Chunosov commented 6 years ago

So should the TFLite package version be 0.1.7 instead of 1.7.0 or is it so called because it's close to TF 1.7.0?

Currently, we take sources by the tag v1.7.0 and there was no tag tflite-v0.1.7 and the file RELEASE.md at that moment. So maybe it was not released at all when we'd created our package :) Now we can switch to the tag tflite-v0.1.7 and rename the package.

gfursin commented 6 years ago

As for execution_time_kernel_0 which attributed to execution_time - it's just a matter of conventions. For different reasons, we originally made execution_time=execution_time_kernel_0 when exposed from external program via xOpenME (I already don't remember why) and we keep it like this for compatibility reasons. However, all higher-level CK modules and analysis scripts, when they see execution_time_kernel_X, they do not look at overall execution_time, but look at individual kernel times (and sum them as they need). If you look at stats in cKnowledge.org/repo, you will see 3 timings and overall time which is summed when preparing a table ...

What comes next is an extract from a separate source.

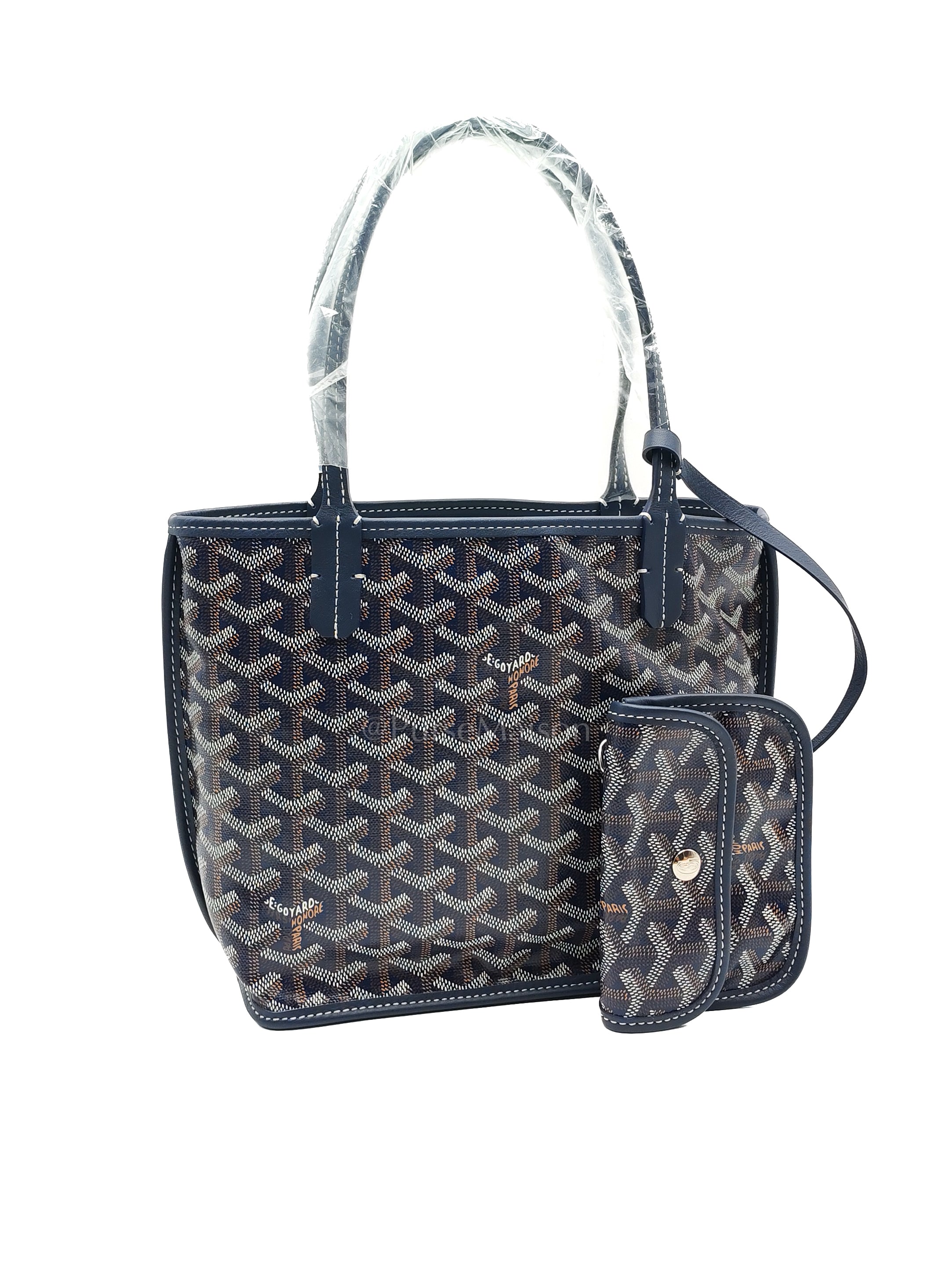 Mini Anjou Tote Bag in Navy Blue Goyardine Canvas with Croc Universal Clip Charm | Purse Maison Luxury Bags Shop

gfursin commented 6 years ago

It's also possible to make a post-processing script and print "user-friendly" timer names, but we just didn't have time. So all our image classifies return these three timers as a standard (this allows us to add such scenarios to our crowd-benchmarking Android app) ...

BTW, @mohamedadaly , it's cool that tfilte and image classification worked on RPi!

mohamedadaly commented 6 years ago

@gfursin @Chunosov Thanks! That makes sense.

Is it possible to share the commands/steps used to create the library, program, scripts, etc. for TF Lite? I would like to try out cross-compiling for RPi 2/3.

Chunosov commented 6 years ago

We just use the Makefile provided in tensorflow/contrib/lite/ and only have patched it slightly to let it know about NDK path. See the dir in our repo: https://github.com/ctuning/ck-tensorflow/tree/master/script/install-lib-tflite-src-static. But it seemed already knowing about RPi and it has the build target RPI. See tensorflow/contrib/lite/rpi_makefile.inc in TF sources. So maybe it just enough to set some paths to RPi cross-compiler.

gfursin commented 6 years ago

Most of the time we specialize compilation via environment, i.e.

$ ck install package:lib-tflite-1.7.0-src-static --env.USE_RPI=ON

and then specialize install scripts or Makefile (as @Chunosov said) in the CK package to use this flag ... If a major change in building process is required, we then create a new package, but I don't think this is the case.

BTW, I updated CK documentation recently and added some basic info about how to add new soft/packages: https://github.com/ctuning/ck/wiki/Adding-new-workflows . However, if it's complex, we can still help either here or via or CK mailing list or Slack channel:

mohamedadaly commented 6 years ago

Thanks! I will have a go at it, and will let you know if I have questions..

psyhtest commented 5 years ago

Closing due to inactivity. Feel free to reopen.